The Phoenix of Neural Networks: Training Sparse Networks from Scratch

AIs today are still so Dense! I mean it metaphorically and literally.

This is largely because the pervasive belief in deep learning has long been that "bigger is better." Dense, over-parameterized neural networks, with their millions or even billions of connections, have consistently delivered state-of-the-art performance across a myriad of tasks. However, this success comes at a significant cost: immense computational resources, high memory consumption, and slow inference times. The "sparse revolution" seeks to challenge this paradigm, demonstrating that powerful performance can be achieved with only a fraction of these connections. The ultimate prize in this revolution is the ability to train these sparse networks from scratch, bypassing the need for an expensive dense training phase.

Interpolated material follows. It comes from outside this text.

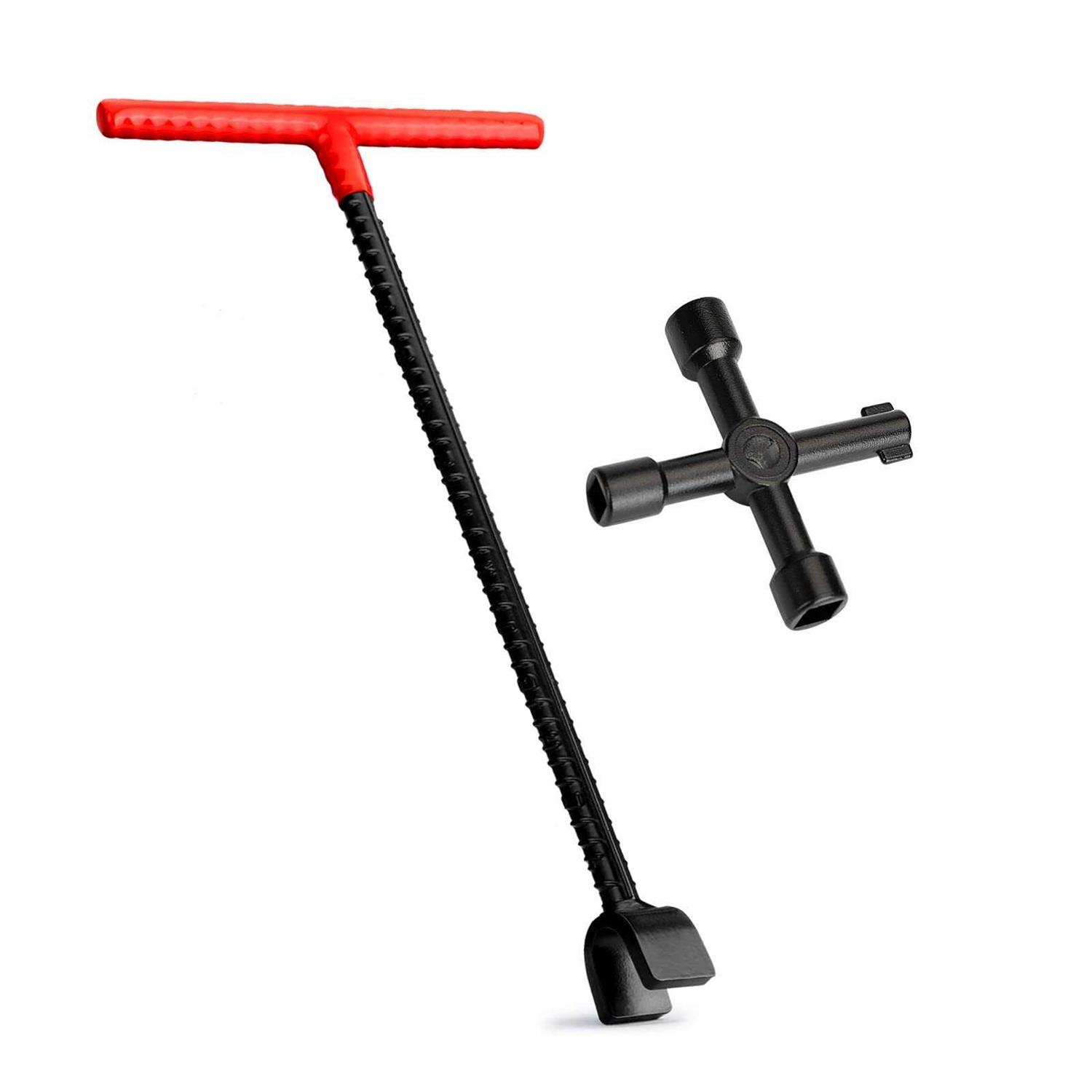 Eapele Magnetic Garage Door Windows Hardware Faux Windows Decoration Kit for Two Car Metallic Garage - Inhomebuy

By the end of this article, you will have a solid understanding of the most tried and trusted pruning and growth methods, how to use them to train sparse networks from scratch, understand exact reasons why they can work efficiently and at all, and gain some crucial insights for the development of superior learning algorithms and model architectures.

The Art of Sculpting: Unstructured Pruning and Growth Methods

The journey towards efficient sparse networks often involves a delicate dance between removing superfluous connections (pruning) and introducing new, potentially beneficial ones (growth). These unstructured methods aim to discover optimal sparse connectivity patterns that maximize performance while minimizing computational overhead. To provide a structured understanding, these methods are classified by the order of derivative information they utilize: zeroth-order (relying solely on weight values or heuristics without derivatives), first-order (incorporating gradients or first derivatives for dynamic assessment), and second-order (using Hessian matrices or second derivatives for curvature-aware decisions). This classification, drawn from comprehensive surveys and empirical studies, highlights trade-offs in complexity, precision, and scalability. Zeroth-order methods are simple but less adaptive, first-order offer a balance with gradient-driven insights, and second-order provide theoretical rigor but at higher computational expense.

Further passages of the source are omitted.